Pictures aside, return every line below exactly as written.

Exercise data ->
==================================================
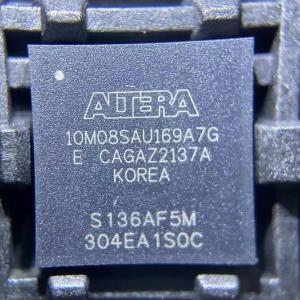 China 11x11 Complex Programmable Logic Device 10M08SAU169A7G Field Programmable Gate Array PBGA169 on sale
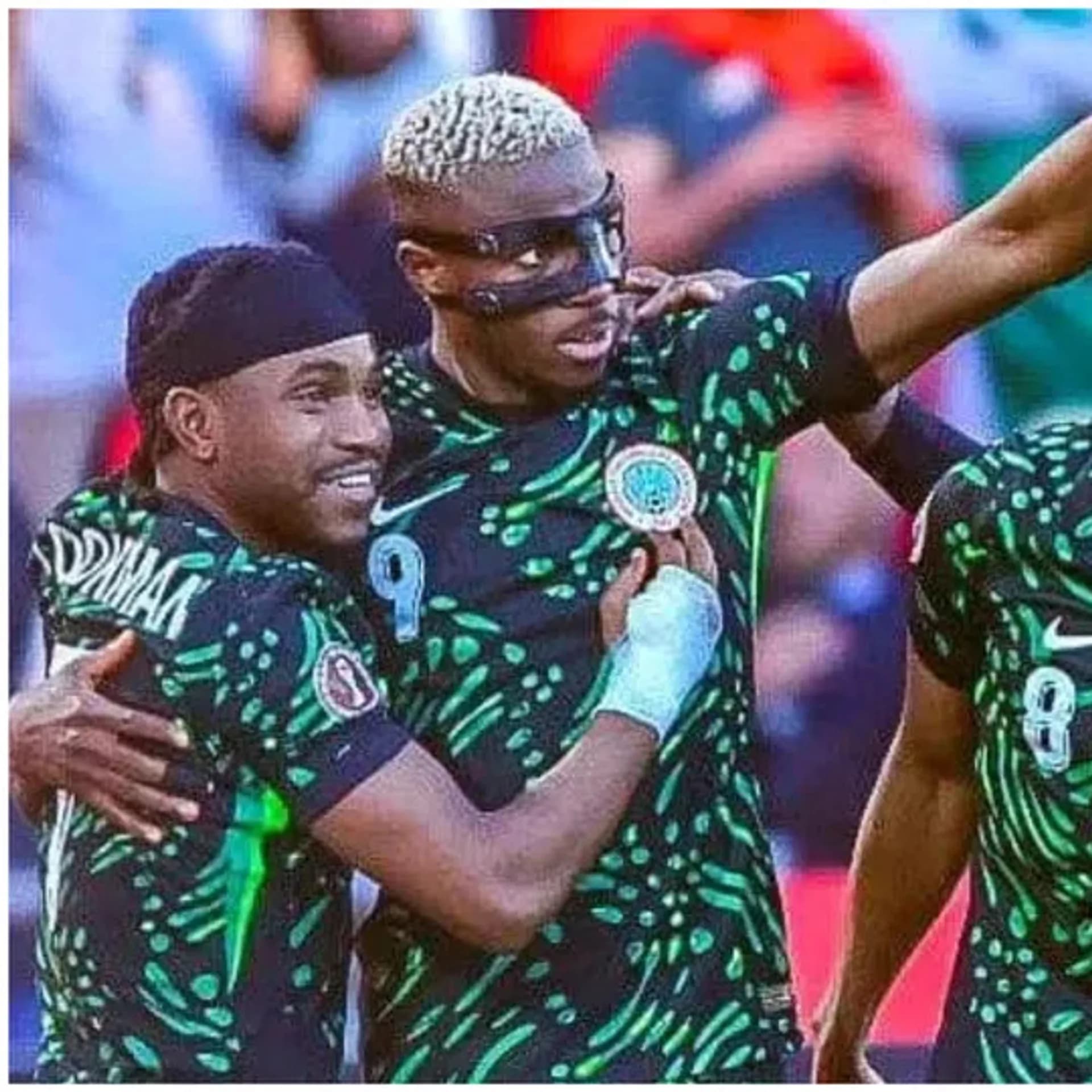 Algeria 0-2 Nigeria: Eric Chelle's Super Eagles become sixth team to win first five games in AFCON history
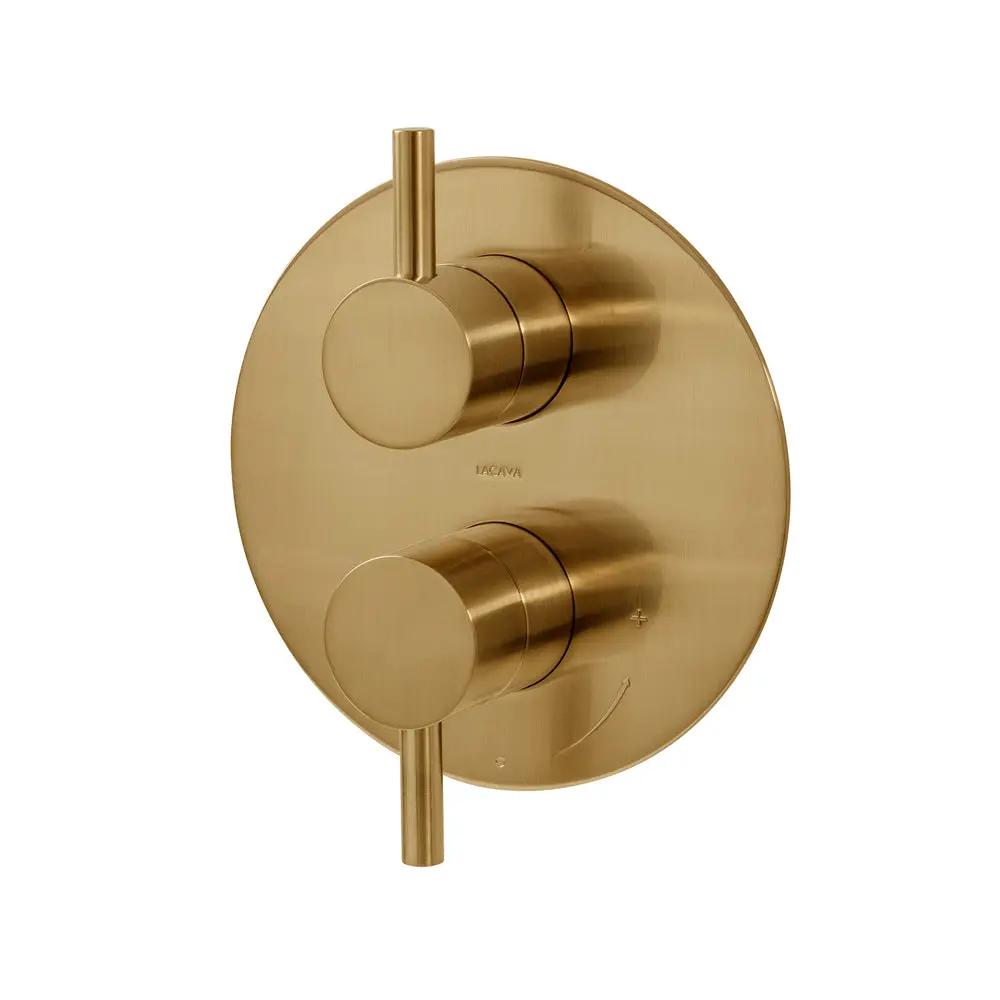 Lacava Cigno Built-In Progressive Pressure Balancing Mixer by Lacava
==================================================
Solution for this problem ->
 China 11x11 Complex Programmable Logic Device 10M08SAU169A7G Field Programmable Gate Array PBGA169 on sale
 Algeria 0-2 Nigeria: Eric Chelle's Super Eagles become sixth team to win first five games in AFCON history
 Lacava Cigno Built-In Progressive Pressure Balancing Mixer by Lacava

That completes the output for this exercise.